William Morris was a 19th Century English textile designer, artist, writer, socialist, and Marxist. I imagine him as a calmer, more serene Bernie Sanders.
Among other memorable quotes, Morris said, “Have nothing in your houses that you do not know to be useful, or believe to be beautiful.” Same goes for cars, work offices, garages.
Wonderful goal, but most of what’s stored in our residences was helpful once, but isn’t anymore (ethernet cables, college texts, the golf shag bag). Or we think it may be helpful at some point in the future even though it hasn’t been for a long time (a gazillion screws, nuts and bolts; a road atlas, the golf shag bag). When it comes to our possessions, we mostly live in the past and future.

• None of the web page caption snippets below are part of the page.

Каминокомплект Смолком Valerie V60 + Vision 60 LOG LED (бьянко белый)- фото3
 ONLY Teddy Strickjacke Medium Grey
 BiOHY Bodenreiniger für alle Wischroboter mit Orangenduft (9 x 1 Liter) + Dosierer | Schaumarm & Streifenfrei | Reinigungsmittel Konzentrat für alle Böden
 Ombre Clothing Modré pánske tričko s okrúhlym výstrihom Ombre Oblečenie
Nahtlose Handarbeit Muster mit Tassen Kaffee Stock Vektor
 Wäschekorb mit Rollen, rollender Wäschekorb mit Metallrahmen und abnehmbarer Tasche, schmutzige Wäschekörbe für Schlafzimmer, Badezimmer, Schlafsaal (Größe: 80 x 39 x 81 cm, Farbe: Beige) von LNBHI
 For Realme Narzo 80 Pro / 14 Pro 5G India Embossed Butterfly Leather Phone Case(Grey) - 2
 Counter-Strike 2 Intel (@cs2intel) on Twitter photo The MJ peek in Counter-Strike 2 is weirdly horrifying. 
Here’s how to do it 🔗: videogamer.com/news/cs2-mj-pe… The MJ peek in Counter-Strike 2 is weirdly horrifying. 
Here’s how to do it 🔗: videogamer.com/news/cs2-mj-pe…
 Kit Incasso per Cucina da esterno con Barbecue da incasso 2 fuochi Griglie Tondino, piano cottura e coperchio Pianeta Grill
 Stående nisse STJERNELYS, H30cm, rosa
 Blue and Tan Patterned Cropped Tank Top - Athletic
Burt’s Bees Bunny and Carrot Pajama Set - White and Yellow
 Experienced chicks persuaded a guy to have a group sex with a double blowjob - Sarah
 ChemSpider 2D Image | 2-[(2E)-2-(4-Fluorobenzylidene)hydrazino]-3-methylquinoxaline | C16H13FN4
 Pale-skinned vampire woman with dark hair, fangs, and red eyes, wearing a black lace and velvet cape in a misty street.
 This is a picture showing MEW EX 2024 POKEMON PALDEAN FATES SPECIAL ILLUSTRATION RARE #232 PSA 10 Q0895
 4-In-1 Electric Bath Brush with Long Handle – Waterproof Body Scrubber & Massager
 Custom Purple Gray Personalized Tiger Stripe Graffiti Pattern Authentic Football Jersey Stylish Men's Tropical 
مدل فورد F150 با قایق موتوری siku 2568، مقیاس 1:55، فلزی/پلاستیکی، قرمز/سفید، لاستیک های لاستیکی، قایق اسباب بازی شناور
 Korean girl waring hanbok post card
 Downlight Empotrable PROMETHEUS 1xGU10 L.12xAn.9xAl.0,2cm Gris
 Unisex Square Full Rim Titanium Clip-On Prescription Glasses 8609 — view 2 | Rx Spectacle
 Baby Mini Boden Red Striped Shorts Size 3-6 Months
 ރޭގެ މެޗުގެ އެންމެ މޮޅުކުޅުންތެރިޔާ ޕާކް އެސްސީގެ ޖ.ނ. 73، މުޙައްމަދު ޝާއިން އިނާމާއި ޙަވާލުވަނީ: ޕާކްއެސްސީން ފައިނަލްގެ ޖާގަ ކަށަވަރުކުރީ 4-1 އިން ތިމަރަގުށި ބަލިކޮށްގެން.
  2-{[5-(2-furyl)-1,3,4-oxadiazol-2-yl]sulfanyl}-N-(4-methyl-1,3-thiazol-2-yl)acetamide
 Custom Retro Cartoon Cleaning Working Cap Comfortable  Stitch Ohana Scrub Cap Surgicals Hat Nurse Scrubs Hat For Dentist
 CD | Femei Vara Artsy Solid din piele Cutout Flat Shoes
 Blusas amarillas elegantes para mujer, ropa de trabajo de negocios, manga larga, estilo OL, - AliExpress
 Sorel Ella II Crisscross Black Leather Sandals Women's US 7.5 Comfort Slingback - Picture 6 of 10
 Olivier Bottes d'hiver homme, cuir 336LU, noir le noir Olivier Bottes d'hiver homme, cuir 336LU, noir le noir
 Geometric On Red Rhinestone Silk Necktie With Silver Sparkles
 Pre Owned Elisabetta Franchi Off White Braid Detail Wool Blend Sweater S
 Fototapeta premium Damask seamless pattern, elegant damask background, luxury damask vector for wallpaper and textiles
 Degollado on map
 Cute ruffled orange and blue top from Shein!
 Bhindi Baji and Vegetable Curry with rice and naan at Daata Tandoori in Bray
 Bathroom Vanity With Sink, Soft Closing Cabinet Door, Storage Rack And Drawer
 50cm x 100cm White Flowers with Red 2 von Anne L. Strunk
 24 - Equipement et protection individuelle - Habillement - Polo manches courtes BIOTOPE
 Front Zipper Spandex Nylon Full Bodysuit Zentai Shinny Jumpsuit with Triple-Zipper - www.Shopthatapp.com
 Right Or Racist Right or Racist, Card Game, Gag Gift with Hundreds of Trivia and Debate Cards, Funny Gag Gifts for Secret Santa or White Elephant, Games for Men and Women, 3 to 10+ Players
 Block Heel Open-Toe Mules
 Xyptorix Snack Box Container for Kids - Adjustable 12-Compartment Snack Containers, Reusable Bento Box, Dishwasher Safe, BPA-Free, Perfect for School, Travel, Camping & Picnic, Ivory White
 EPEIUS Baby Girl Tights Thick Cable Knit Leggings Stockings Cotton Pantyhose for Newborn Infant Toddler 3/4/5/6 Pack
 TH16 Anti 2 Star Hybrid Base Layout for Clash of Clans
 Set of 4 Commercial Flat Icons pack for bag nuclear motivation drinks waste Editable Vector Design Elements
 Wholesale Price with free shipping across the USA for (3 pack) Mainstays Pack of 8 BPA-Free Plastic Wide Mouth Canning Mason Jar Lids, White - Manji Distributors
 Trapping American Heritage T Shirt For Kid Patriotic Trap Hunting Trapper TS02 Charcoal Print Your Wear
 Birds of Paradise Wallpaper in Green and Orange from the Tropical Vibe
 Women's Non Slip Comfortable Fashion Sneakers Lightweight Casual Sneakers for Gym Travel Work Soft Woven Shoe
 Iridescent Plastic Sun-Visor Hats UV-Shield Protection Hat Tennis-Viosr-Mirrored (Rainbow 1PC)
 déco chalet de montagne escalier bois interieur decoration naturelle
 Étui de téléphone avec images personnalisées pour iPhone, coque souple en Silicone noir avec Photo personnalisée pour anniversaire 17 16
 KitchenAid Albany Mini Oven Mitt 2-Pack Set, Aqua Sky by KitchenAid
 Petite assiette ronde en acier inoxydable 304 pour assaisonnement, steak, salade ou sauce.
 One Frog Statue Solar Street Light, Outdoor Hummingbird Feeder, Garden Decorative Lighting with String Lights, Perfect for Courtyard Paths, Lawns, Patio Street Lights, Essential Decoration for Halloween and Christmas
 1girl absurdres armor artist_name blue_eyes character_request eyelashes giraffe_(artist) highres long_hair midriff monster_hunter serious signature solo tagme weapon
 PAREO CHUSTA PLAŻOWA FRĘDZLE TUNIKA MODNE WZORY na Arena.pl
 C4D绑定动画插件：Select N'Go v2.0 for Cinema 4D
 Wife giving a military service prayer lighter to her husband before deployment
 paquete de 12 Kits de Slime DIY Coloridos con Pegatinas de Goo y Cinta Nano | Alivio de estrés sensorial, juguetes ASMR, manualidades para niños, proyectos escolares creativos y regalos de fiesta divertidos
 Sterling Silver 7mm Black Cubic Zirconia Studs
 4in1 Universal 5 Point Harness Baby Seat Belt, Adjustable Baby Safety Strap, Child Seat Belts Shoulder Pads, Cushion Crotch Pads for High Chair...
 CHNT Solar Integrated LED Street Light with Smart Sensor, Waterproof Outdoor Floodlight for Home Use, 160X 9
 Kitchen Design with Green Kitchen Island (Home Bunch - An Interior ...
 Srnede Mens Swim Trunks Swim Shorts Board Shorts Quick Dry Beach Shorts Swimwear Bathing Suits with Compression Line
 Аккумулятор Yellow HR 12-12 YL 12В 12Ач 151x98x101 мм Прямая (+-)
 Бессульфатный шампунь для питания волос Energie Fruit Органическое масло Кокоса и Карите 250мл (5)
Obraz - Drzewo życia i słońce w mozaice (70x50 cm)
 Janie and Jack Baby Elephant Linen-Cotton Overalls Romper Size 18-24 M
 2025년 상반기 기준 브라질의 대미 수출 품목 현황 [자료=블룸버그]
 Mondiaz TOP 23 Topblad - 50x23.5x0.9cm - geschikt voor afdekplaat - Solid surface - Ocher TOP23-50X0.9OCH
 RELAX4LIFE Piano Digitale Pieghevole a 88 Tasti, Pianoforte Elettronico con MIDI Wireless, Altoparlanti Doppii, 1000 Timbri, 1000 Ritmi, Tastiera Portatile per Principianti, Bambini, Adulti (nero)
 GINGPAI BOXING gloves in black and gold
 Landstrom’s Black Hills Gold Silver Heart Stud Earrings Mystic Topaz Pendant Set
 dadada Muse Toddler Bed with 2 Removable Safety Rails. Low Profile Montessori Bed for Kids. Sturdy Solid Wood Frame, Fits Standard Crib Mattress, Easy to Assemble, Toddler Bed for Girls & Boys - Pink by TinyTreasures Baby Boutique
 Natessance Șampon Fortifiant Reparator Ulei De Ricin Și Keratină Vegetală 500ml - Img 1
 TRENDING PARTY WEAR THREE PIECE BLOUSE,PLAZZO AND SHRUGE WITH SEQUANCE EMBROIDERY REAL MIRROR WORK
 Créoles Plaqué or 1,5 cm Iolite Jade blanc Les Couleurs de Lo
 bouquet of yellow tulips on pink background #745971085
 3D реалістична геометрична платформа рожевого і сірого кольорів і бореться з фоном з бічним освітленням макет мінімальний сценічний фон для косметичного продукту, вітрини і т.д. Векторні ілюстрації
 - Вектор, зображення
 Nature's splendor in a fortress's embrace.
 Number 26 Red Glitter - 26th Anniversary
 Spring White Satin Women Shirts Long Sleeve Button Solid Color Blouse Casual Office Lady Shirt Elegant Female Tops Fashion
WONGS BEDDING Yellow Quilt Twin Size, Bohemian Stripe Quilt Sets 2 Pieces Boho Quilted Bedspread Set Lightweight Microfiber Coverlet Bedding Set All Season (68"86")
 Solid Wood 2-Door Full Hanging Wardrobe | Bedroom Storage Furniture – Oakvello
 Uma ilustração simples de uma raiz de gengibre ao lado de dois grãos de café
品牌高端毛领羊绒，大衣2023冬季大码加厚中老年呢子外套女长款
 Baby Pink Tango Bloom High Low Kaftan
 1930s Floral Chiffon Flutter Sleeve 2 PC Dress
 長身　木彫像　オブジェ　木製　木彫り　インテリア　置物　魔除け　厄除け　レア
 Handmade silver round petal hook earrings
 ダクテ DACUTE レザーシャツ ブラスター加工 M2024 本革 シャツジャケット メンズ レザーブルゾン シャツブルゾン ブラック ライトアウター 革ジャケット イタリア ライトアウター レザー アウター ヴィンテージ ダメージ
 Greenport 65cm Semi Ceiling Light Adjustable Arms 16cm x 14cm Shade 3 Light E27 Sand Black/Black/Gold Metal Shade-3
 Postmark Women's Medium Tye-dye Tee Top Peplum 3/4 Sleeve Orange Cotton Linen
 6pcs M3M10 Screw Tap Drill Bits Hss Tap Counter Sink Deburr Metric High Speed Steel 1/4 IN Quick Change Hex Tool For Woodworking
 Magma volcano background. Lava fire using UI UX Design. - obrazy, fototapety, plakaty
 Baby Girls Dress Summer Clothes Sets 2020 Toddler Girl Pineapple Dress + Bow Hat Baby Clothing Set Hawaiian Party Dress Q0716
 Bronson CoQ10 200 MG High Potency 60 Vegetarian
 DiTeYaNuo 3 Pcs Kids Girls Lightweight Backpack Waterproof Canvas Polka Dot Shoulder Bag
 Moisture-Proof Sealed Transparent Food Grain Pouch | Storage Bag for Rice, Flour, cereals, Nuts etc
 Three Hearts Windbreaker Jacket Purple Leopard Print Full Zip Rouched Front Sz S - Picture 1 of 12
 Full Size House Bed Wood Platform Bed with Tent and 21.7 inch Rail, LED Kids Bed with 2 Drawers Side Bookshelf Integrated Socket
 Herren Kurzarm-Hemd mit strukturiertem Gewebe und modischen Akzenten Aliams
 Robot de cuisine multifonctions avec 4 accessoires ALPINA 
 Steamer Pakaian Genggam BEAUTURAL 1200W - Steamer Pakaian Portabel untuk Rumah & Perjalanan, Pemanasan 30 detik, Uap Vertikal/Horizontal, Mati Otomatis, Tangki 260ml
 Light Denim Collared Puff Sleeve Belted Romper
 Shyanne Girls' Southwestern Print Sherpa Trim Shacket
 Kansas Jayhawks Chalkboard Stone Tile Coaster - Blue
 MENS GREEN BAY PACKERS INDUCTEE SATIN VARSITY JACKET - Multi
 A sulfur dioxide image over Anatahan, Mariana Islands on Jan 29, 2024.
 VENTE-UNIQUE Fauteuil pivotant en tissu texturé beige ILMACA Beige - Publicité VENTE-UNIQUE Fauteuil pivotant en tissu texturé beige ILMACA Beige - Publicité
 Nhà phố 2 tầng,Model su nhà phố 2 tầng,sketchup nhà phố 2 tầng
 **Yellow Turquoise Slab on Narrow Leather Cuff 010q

Similarly, we’re surrounded by stuff we found beautiful at one time. If we’re honest, a small subset of what we’re surrounded by is beautiful or particularly useful with any regularity (the Gal Pal just suggested I look in the mirror). What purposes then, do the majority of our things serve?
Like historical landmarks, they create order and bred familiarity. Like old photos or friends, subconsciously, they remind us of the past. Often, they are the product of nostalgia mixed with inertia. A sedentary sentimentality confounds efforts at genuine minimalism.
Knowing that, we can be much more selective about what we save as links to our past, scanning and digitizing much of what makes the final cut. Doing that, our living spaces will grow and we’ll enjoy them more.